Agora o Brasil abriga um senador de oposição, perseguido pelo governo de La Paz. Não se sabe quais ações fora do quadro bilateral o governo brasileiro está empreendendo para tirar o boliviano em questão de seu local de "residência" para um asilo a que tem direito, no Brasil ou em terceiro país. Provavelmente, ele não conta com o mesmo apoio político de que desfrutava o ex-presidente hondurenho.
Tudo uma questão de aliados, amigos, companheiros, vocês entendem...
Paulo Roberto de Almeida
O Snowden bolivariano
No modesto quarto no primeiro andar de um prédio comercial, o asilado político ajeita-se como pode. Há 14 meses, seu mundo restringe-se a um cômodo de 20 metros quadrados na embaixada de uma nação amiga, mobiliado com uma cama, escrivaninha e frigobar. O banheiro é compartilhado. Tomar sol, apenas pela fresta da janela. Como todo refugiado, resta-lhe a escolha ingrata: entregar-se às autoridades ou aguentar firme até que consiga passagem para outra pátria.
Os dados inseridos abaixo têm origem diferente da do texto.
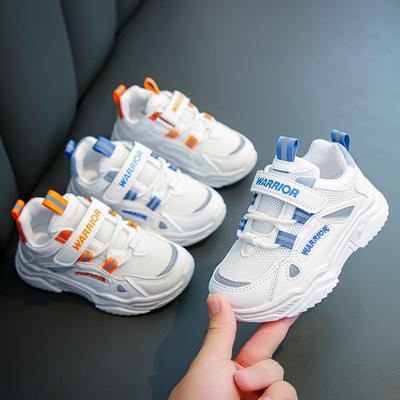 Kinder Freizeit-Sneaker für Jungen Mädchen 2025 Herbst Neu Unisex Kinder Aktivschuhe Rutschfest Atmungsaktiv Schule Sportsneaker 4-6 Jahre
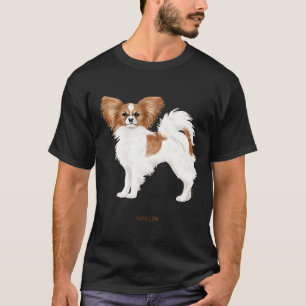 Niedlich Papillon Dog 6 T-Shirt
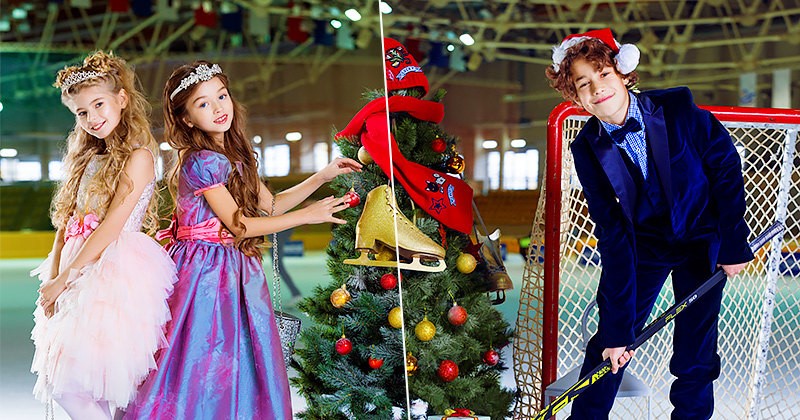 В гостях у новогодней сказки: одеваем детей для встречи Нового Года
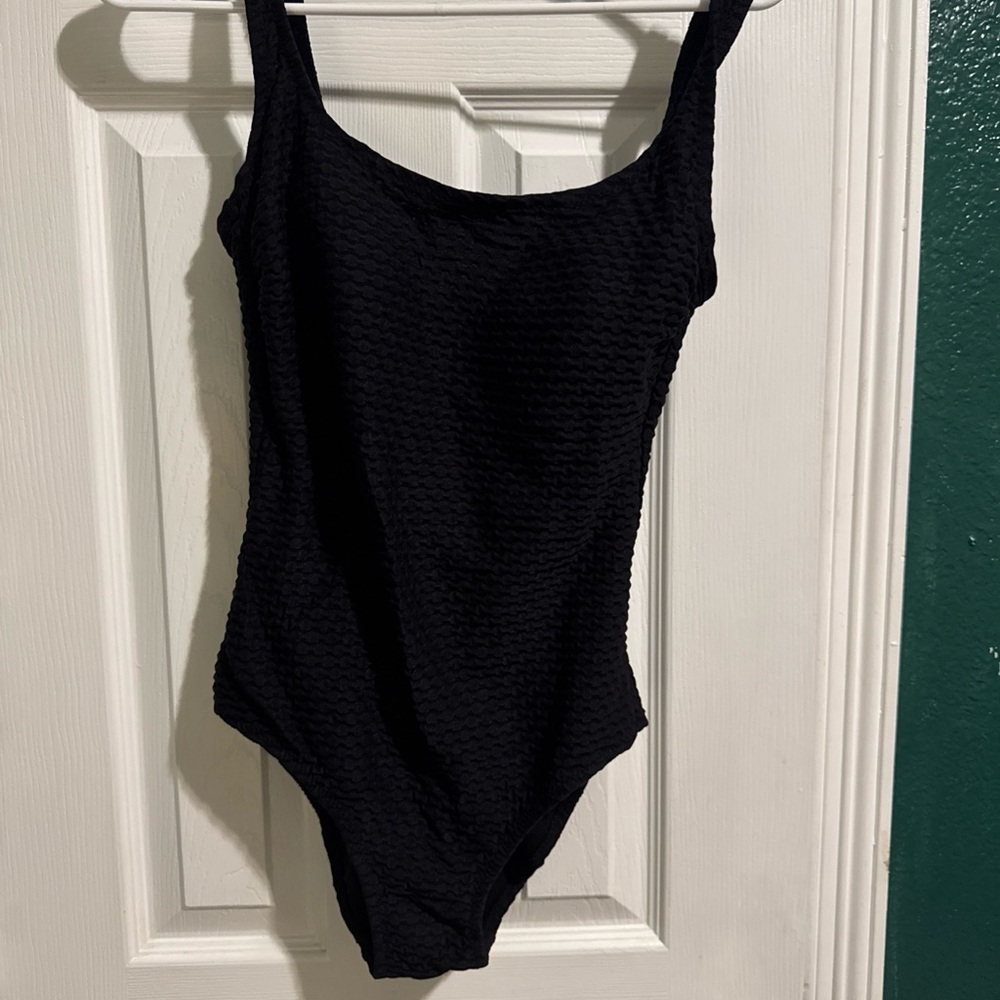 Essentials Textured Black women One Piece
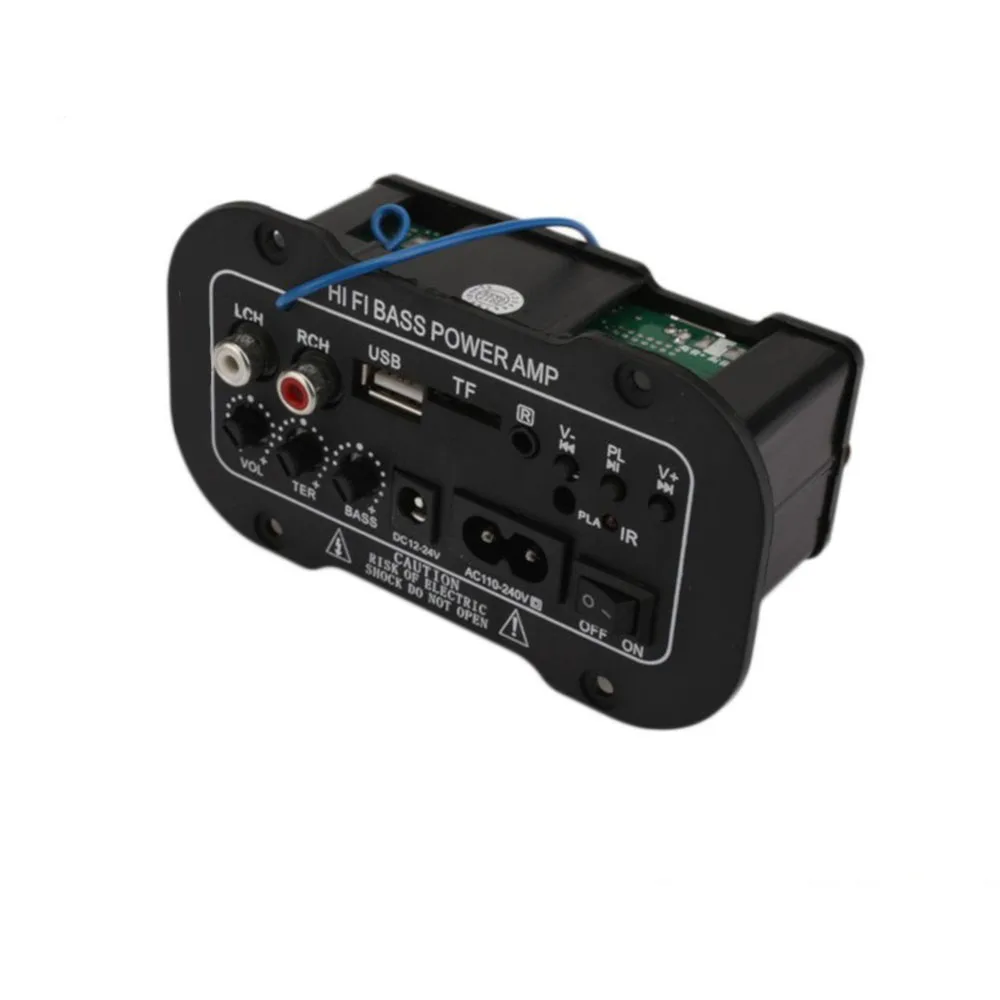 220 В автомобильный Bluetooth усилитель автомобиля HIFI аудио Музыка Automotivo умный усилитель мощности сабвуфер универсальные усилители TF карты MP3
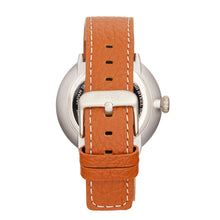 Load image into Gallery viewer, Simplify The 7100 Leather-Band Watch w/Date - Brown/Silver - SIM7102

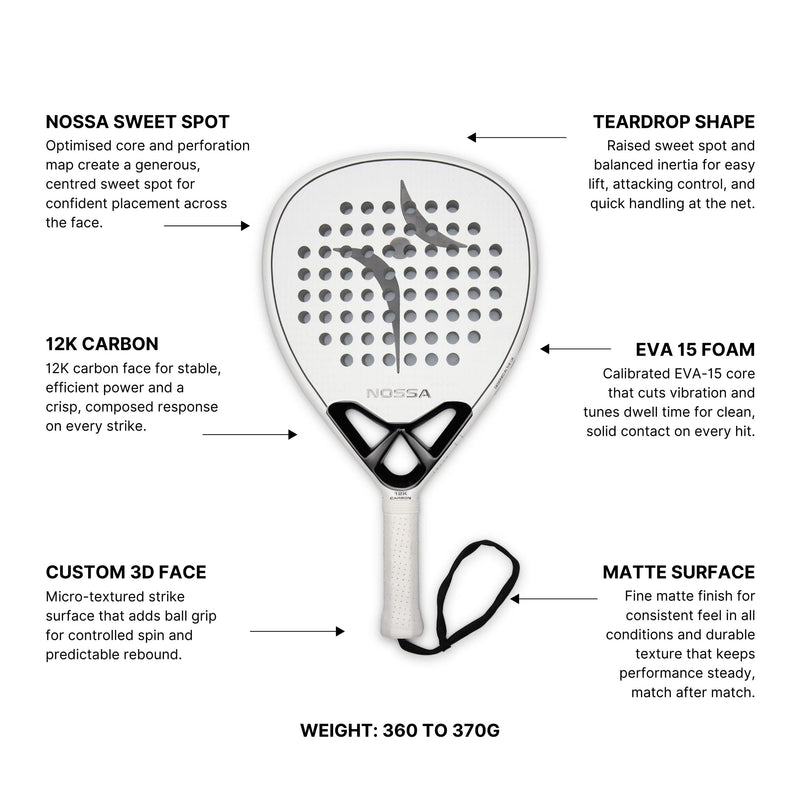 NOSSA CORE Padel Racket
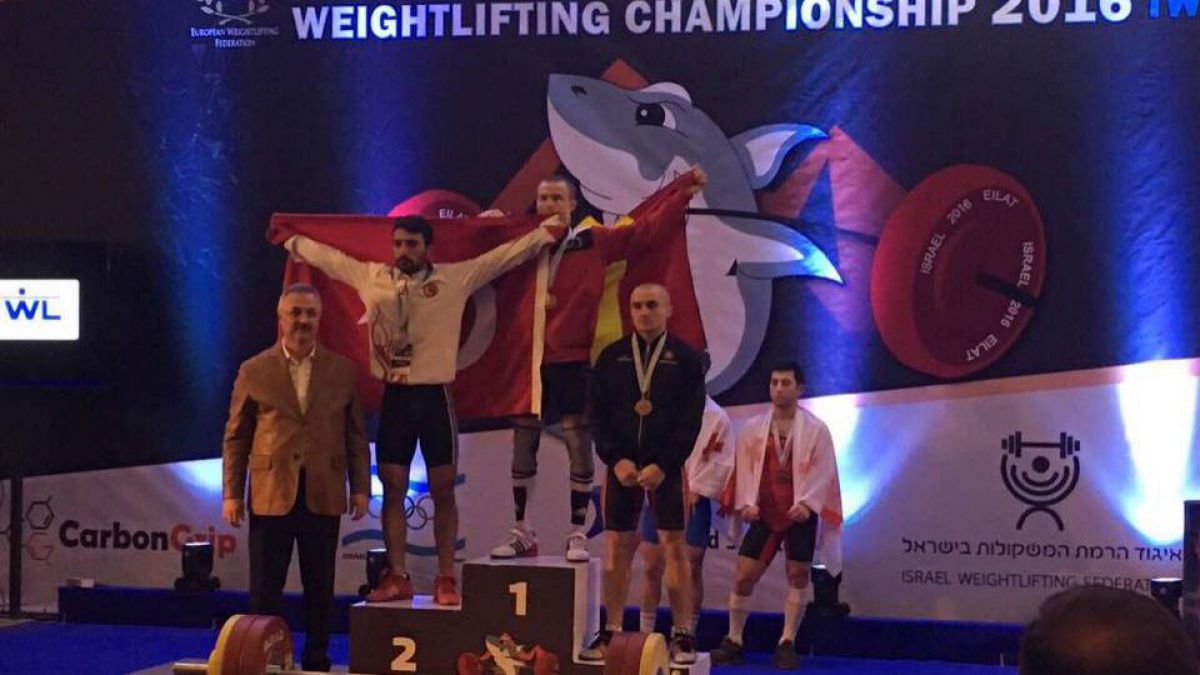 Care sunt rezultatele moldovenilor la Campionatul Europei de Haltere, rezervat tinerilor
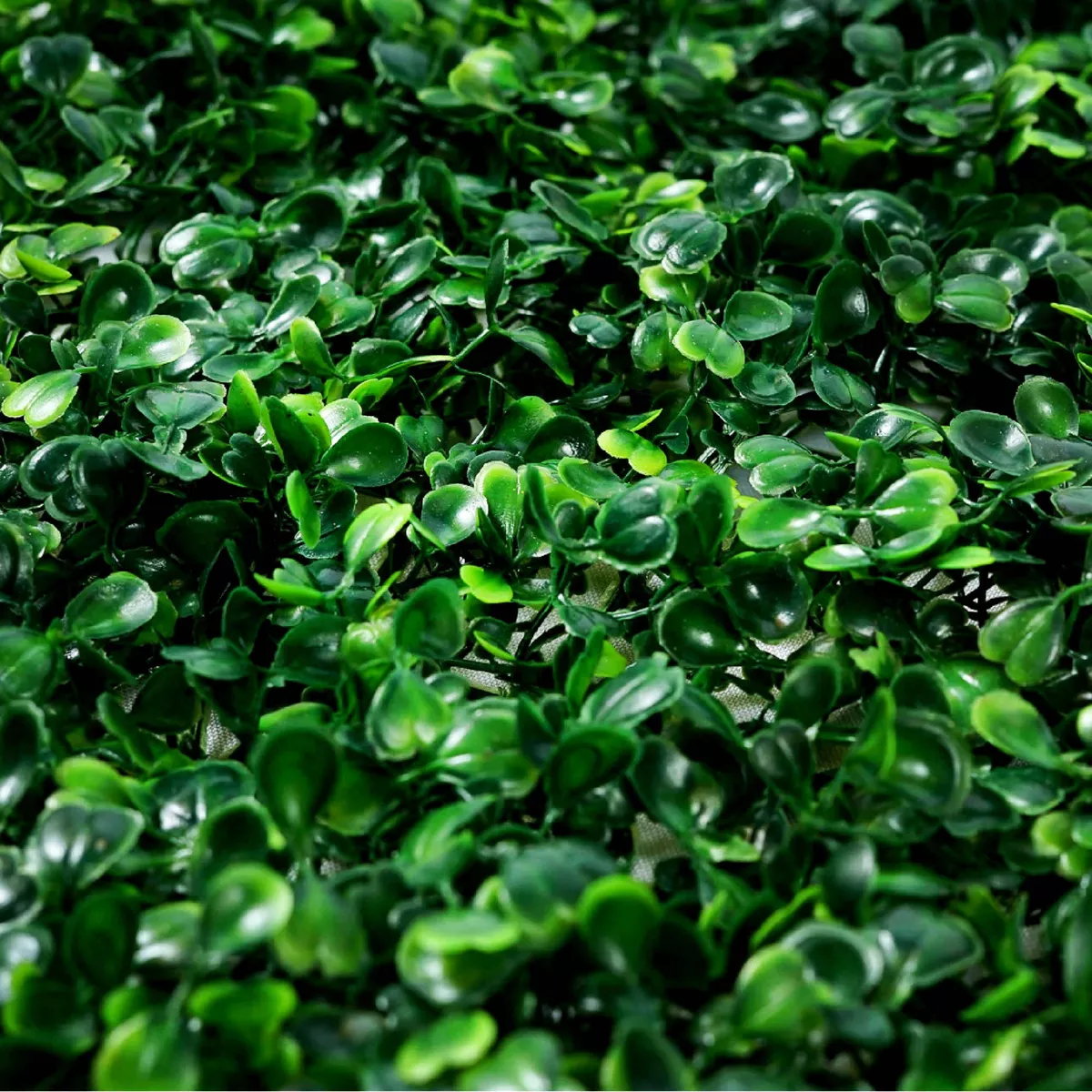Kit 10 Pzas Planta Artificial Jardin Vertical Follajes 40x60 Verde Oscuro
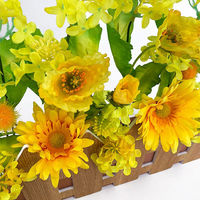 ポップギャラリー(POPGALLERY) 菜の花垣根アレンジ TE1-1399 1個（直送品）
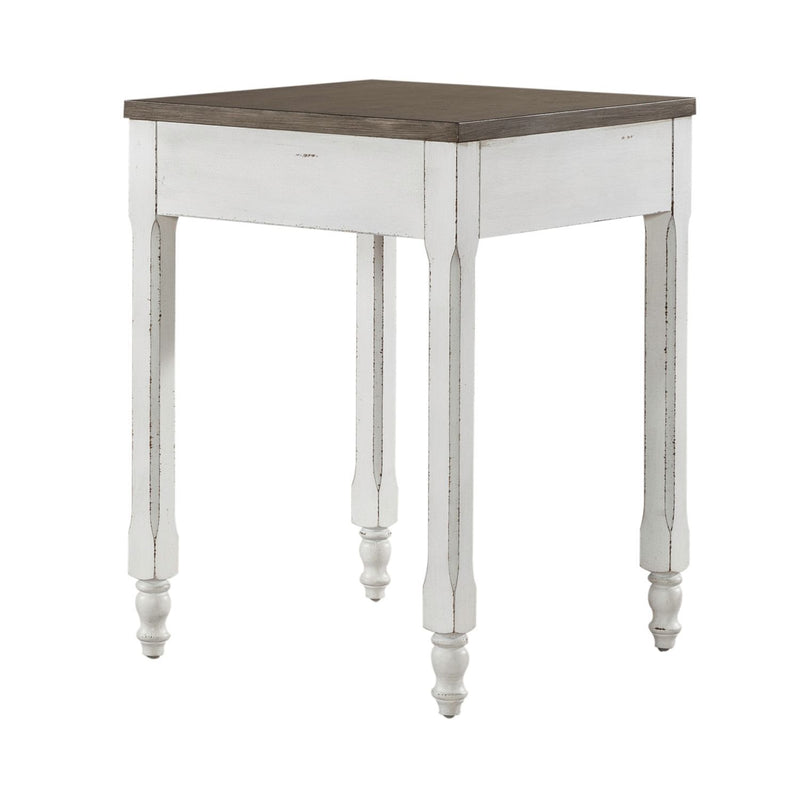Magnolia Manor - Corner Filler - Antique White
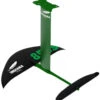Indiana SUP Surf/Waak-folie 850S Compleet, Zwart/groen -Watersportwinkel indiana sup surf wake foil 850s complete black green 1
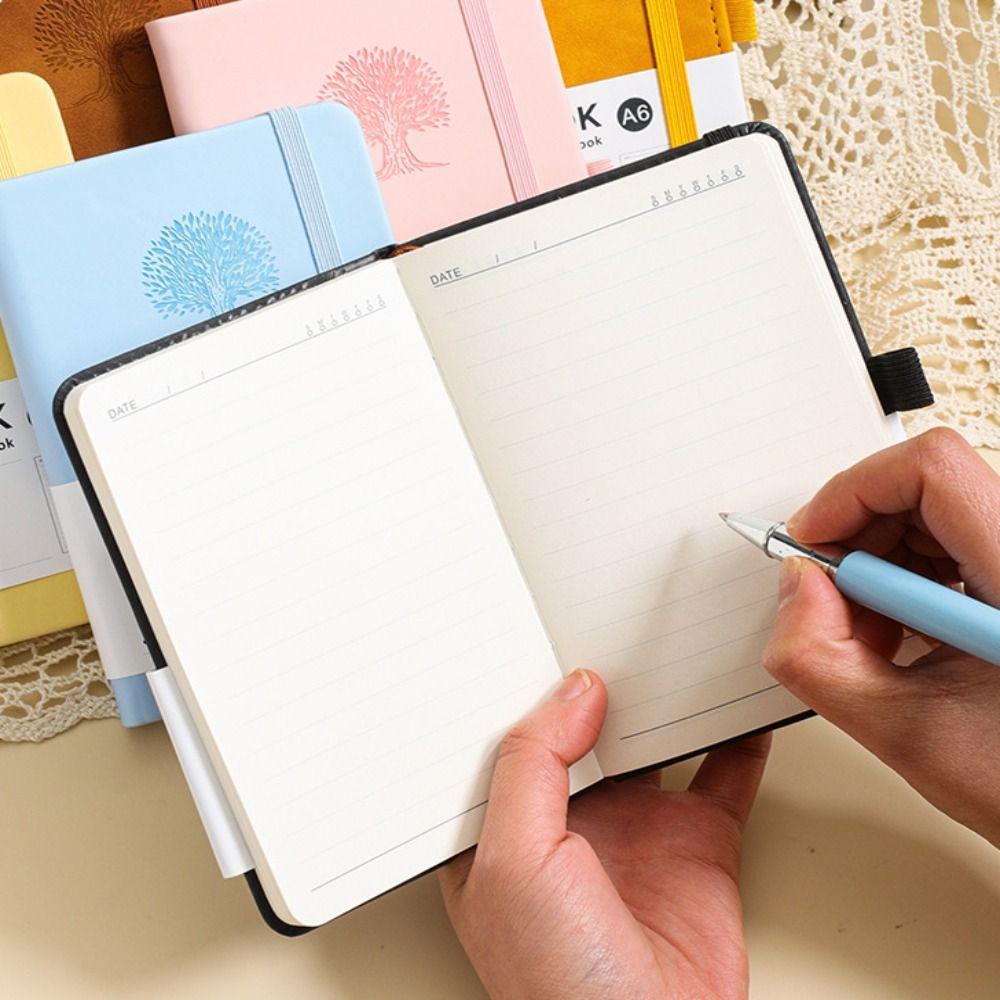 192 Pages Notepad Thickened Diary Book High Quality A6 Notebook Students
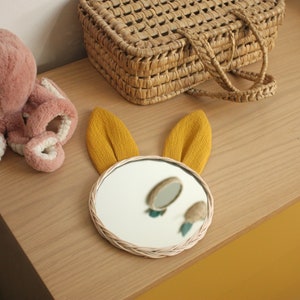 Miroir Lapin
Não é Julian Assange, o fundador do WikiLeaks, que para evitar sua extradição para Suécia se pôs à mercê da Embaixada de Equador em Londres. Tampouco me refiro a Edward Snowden, o bisbilhoteiro americano que derramou segredos da espionagem de Washington e acabou confinado no aeroporto de Moscou.
O relato acima é de Roger Pinto, o Snowden bolivariano. Quem? Perguntaria o leitor. Esquecido nas manchetes e nos malabarismos diplomáticos dos dois refugiados mais célebres do planeta está o drama do boliviano que, desde maio de 2012, está preso na Embaixada do Brasil, em La Paz. Guardadas as proporções, seu caso é emblemático para América Latina, ainda sob o luar do finado caudilho Hugo Chávez, e um problemão para a diplomacia regional.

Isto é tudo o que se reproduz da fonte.